Dataset entries
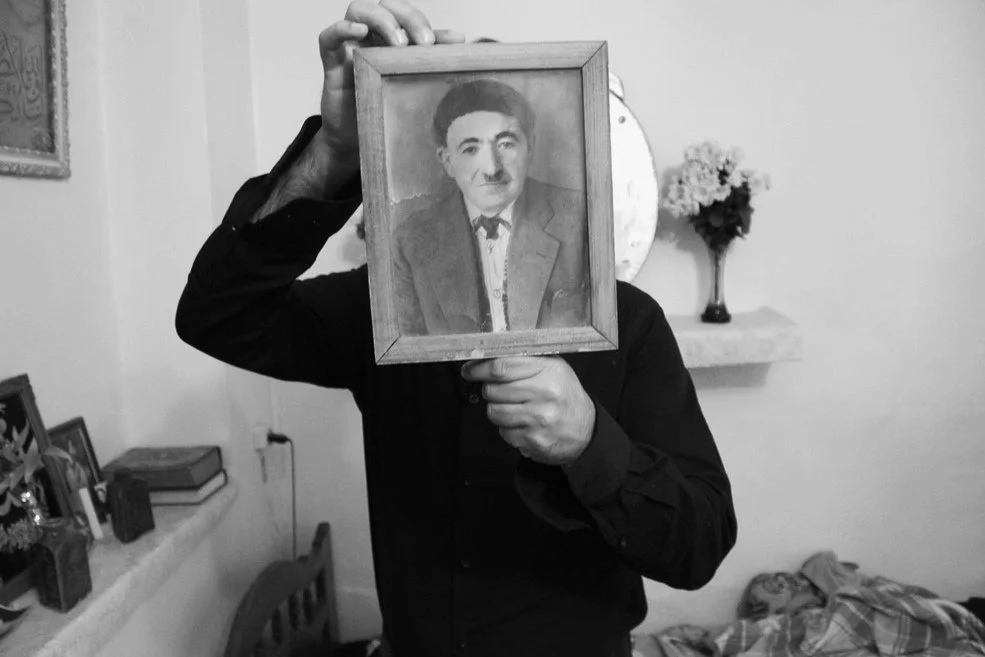 Every portrait survives by borrowing another face. The living hand lifts the image of the dead, but in doing so, the boundary between remembrance and identity begins to dissolve. Presence is no longer located in a body, nor in a photograph, but in th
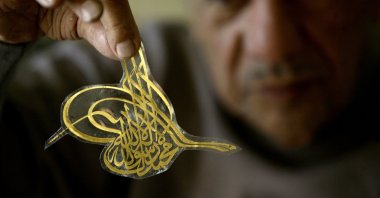 Lebanese Arabic-language calligrapher Salah Al-Hafi showing his work at his workshop in Beirut, Lebanon, Jan. 11, 2011. (AFP)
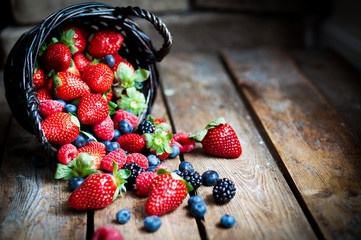 Wall Mural - Mix of fresh berries in a basket on rustic wooden background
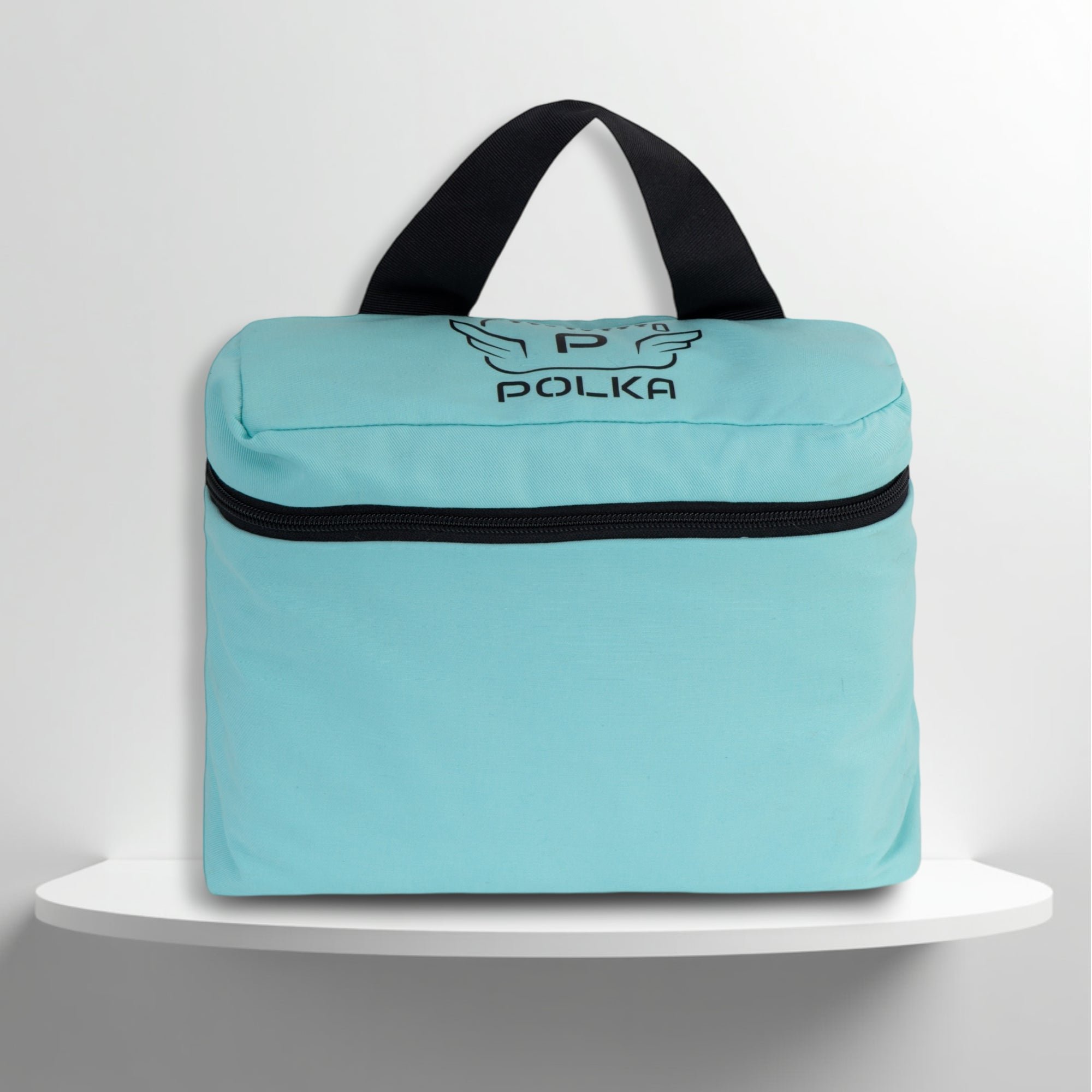 A mint cotton travel vanity bag with many Greek travel size personal hygiene products inside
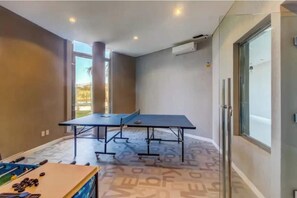 A room with a ping pong table, a foosball table, and a large window providing a view of the outdoors.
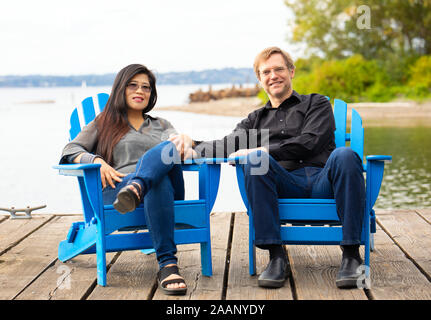 Gemischtrassiges Paar, kaukasischer Mann und die asiatische Frau, sitzen auf den Blauen andirondack Stühle auf hölzernen Pier am See im Freien im Sommer Stockfoto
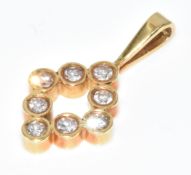 An 18ct gold pendant set with diamonds, 1.3g, 1.9cm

> _Action item_: Without including any images, output the data exactly as given.

> _Answer to this exercise_:
 Every portrait survives by borrowing another face. The living hand lifts the image of the dead, but in doing so, the boundary between remembrance and identity begins to dissolve. Presence is no longer located in a body, nor in a photograph, but in th
 Lebanese Arabic-language calligrapher Salah Al-Hafi showing his work at his workshop in Beirut, Lebanon, Jan. 11, 2011. (AFP)
 Wall Mural - Mix of fresh berries in a basket on rustic wooden background
 A mint cotton travel vanity bag with many Greek travel size personal hygiene products inside
 A room with a ping pong table, a foosball table, and a large window providing a view of the outdoors.
 Gemischtrassiges Paar, kaukasischer Mann und die asiatische Frau, sitzen auf den Blauen andirondack Stühle auf hölzernen Pier am See im Freien im Sommer Stockfoto
 An 18ct gold pendant set with diamonds, 1.3g, 1.9cm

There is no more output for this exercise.